On peut ou non apprécier sa filmographie, mais il faut reconnaître à Quentin Dupieux les aptitudes d’un véritable auteur. De film en film, le cinéaste confirme un style qui lui est très personnel et un univers tout à fait singulier. Ses comédies loufoques qui s’apparentent toutes à des cauchemars auraient probablement enthousiasmé les surréalistes. Elles se contentent de peu de personnages, ressemblent aux séries B du cinéma de jadis et déclinent jusqu’à l’absurde le plus délirant des ingrédients de scénario minimalistes. Néanmoins, cela fonctionne toujours à merveille au point qu’en tant que spectateur on peut volontiers éprouver une sorte de plaisir presque coupable à se laisser prendre à des fables qui confinent à ce que les Britanniques désignent par le mot « nonsense ».

Dans « Le Daim », il n’est question que de l’hallucinante folie d’un personnage prénommé Georges (campé par Jean Dujardin) : un homme paumé, solitaire, qui, ayant acheté un blouson en daim, se retrouve sans ressources autres qu’une alliance qu’il laisse en gage dans un hôtel isolé au milieu d’un paysage de montagne. Or la grande originalité du film, c’est d’avoir conçu le blouson comme un personnage à part entière dont l’influence pernicieuse exacerbe les pulsions maladives de Georges. Le fameux vêtement devient donc le symbole de l’omnipotence.

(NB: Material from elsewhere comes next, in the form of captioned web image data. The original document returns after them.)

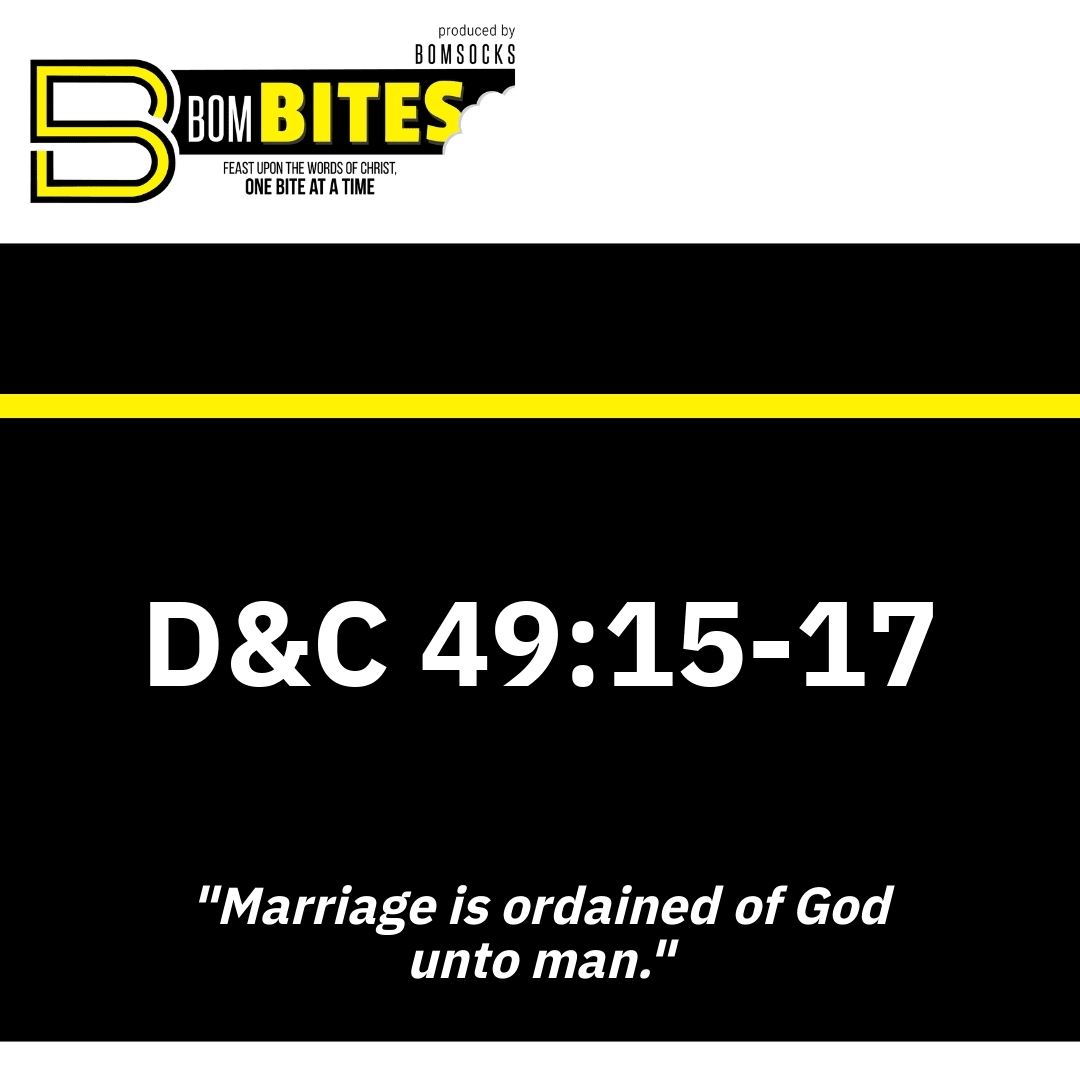 Read more about the article D&C 49:15-17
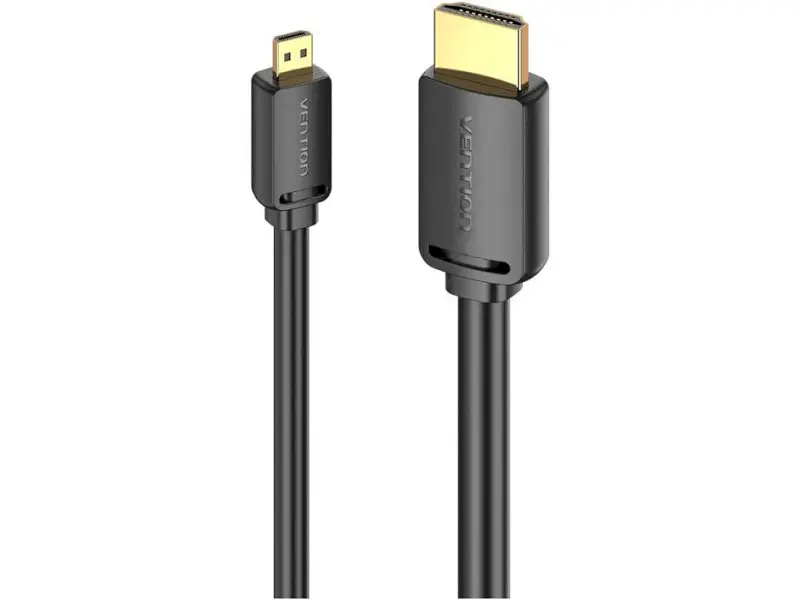 Кабель Vention HDMI to microHDMI 1.5m (AGIBG) - фото 4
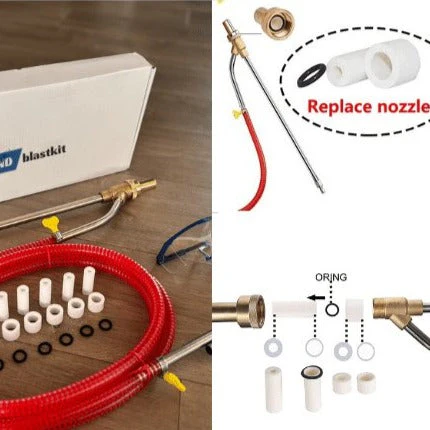 Exclusive Sandblast Deal: Free Sand Filter with Kit & Nozzles - Image 5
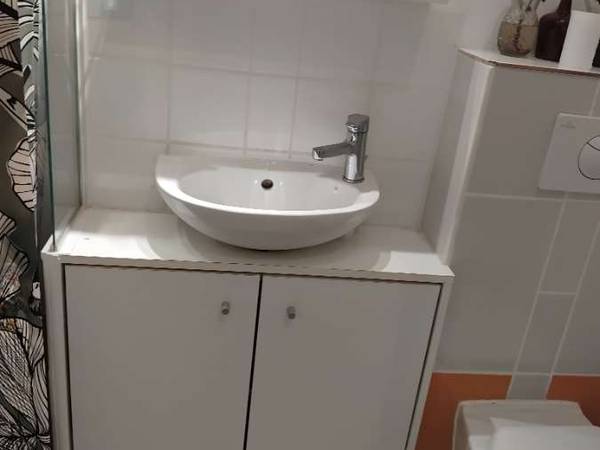 Sous-location / Appartement 2 pièces de 28 m², Nantes, Allée de la Maison Rouge / Photo 5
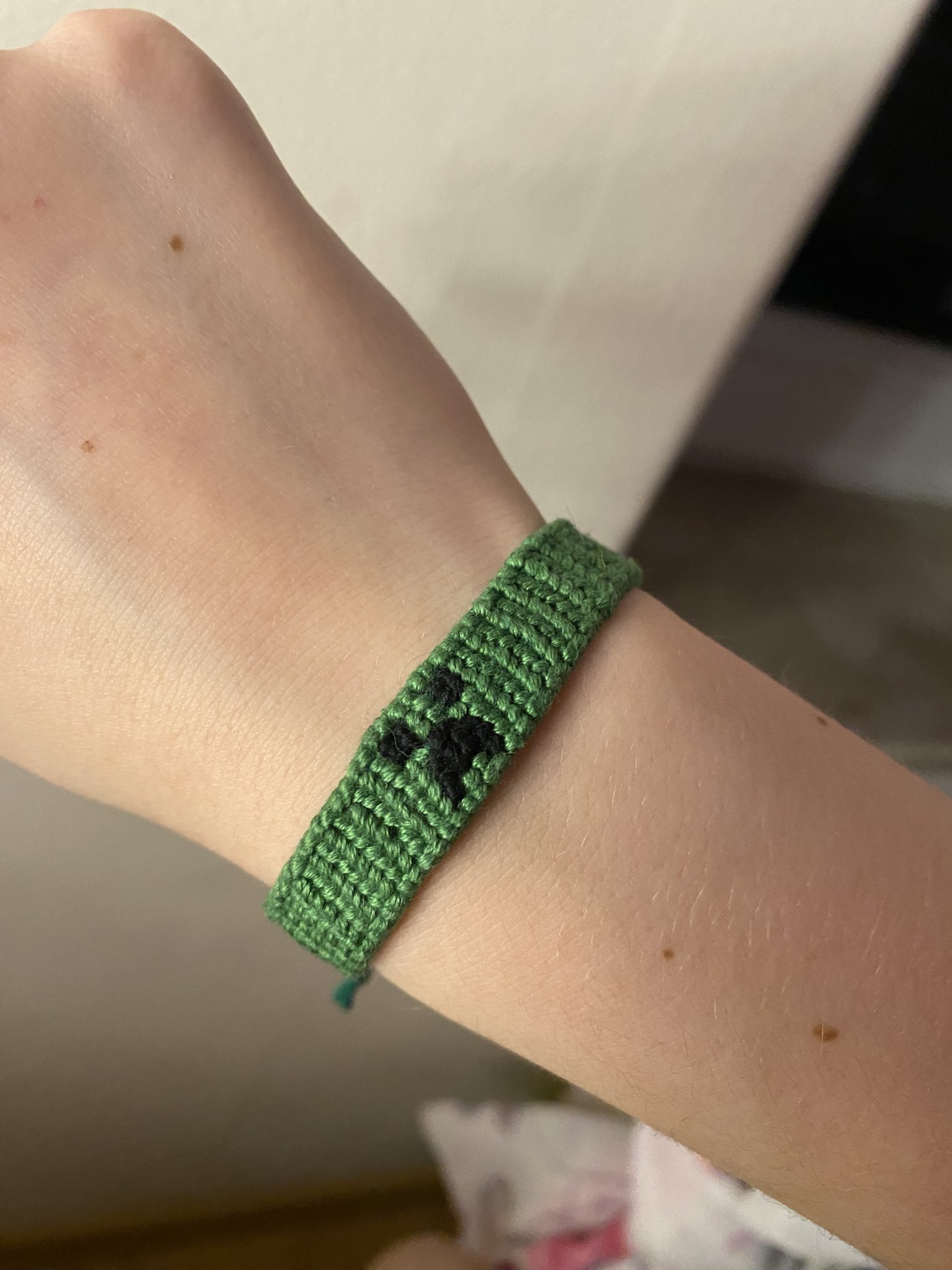 Alpha pattern #13815 | BraceletBook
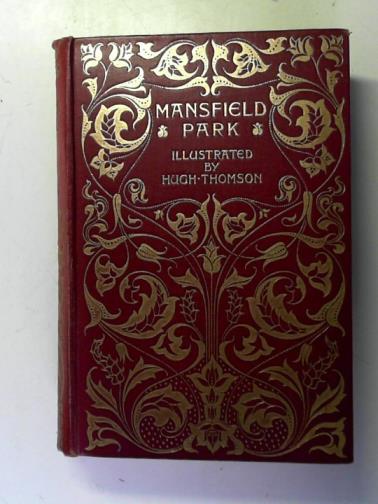 AUSTEN, Jane - Mansfield Park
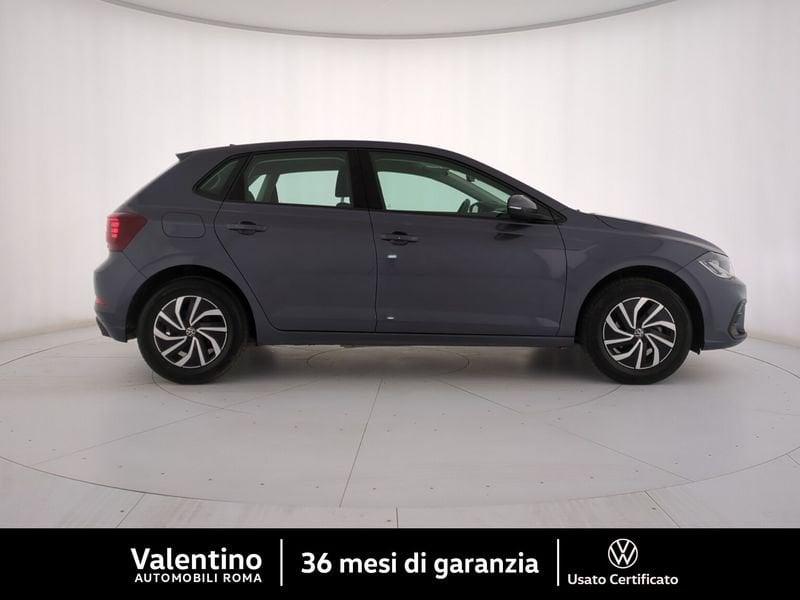 Volkswagen Polo 1.0 TGI 5p. Life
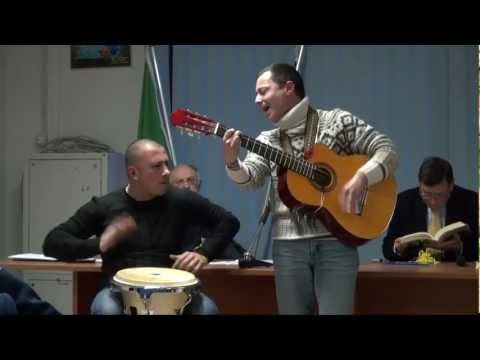 Aversa (CE) - Premio Jommelli al liceo Fermi (02.03.13)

Il s’impose comme un être ne supportant pas de concurrence, tant et si bien que Georges se sent investi d’une mission de destruction : tout porteur de blouson est en danger d’être éliminé afin qu’il ne reste plus qu’un habit de cette sorte, celui qu’il a acquis, le blouson de daim !

À cela s’ajoute la prétention de Georges qui s’affirme comme étant un cinéaste filmant ses sanglants exploits avec une petite caméra numérique. La serveuse d’un bar (Adèle Haenel) à qui l’homme se présente de cette manière n’hésite pas à sauter sur l’occasion, se targuant d’être monteuse et se faisant la complice joyeuse du soi-disant cinéaste jusqu’à se laisser dépouiller par lui. Enfin, pendant qu’il commet ses exactions, à quelques reprises, apparaît un étrange observateur en la personne d’un jeune garçon qui reste muet. Tous les ingrédients et tous les personnages sont à présent convoqués pour le déroulement d’une histoire qui pourrait presque avoir pour titre « La Métamorphose ». Certes Georges, physiquement, ne change pas d’aspect, mais en se revêtant du haut en bas de peaux de daim, il se transforme bel et bien en une créature qui tient davantage de l’animal que de l’humain. Le film ne durant qu’un peu plus d’une heure un quart, on n’a pas le temps de s’ennuyer, mais on a largement celui d’être à la fois captivé et questionné, voire dérangé. 

7,5/10

 

                                                                       Luc Schweitzer, ss.cc.